▶ **PROMPT**
Reproduce the listing in full. Omit the pictures.

▶ **DATA BLOCK**
========
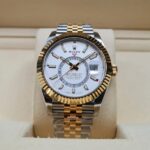 Trendy Rolex Watch For Men (APS37)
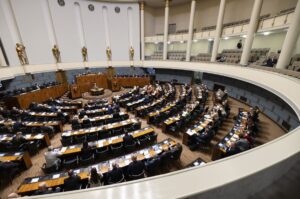 HS: Jopa kymmenen kansalais­aloitetta uhkaa raueta, jos niitä ei pian käsitellä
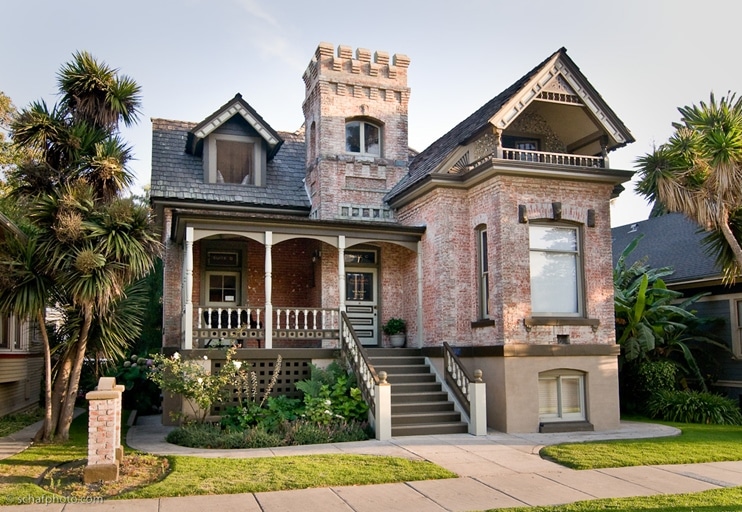 Mary Mitchell House - Hero Image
========
▶ **RESULT FOR THIS TASK**
 Trendy Rolex Watch For Men (APS37)
 HS: Jopa kymmenen kansalais­aloitetta uhkaa raueta, jos niitä ei pian käsitellä
 Mary Mitchell House - Hero Image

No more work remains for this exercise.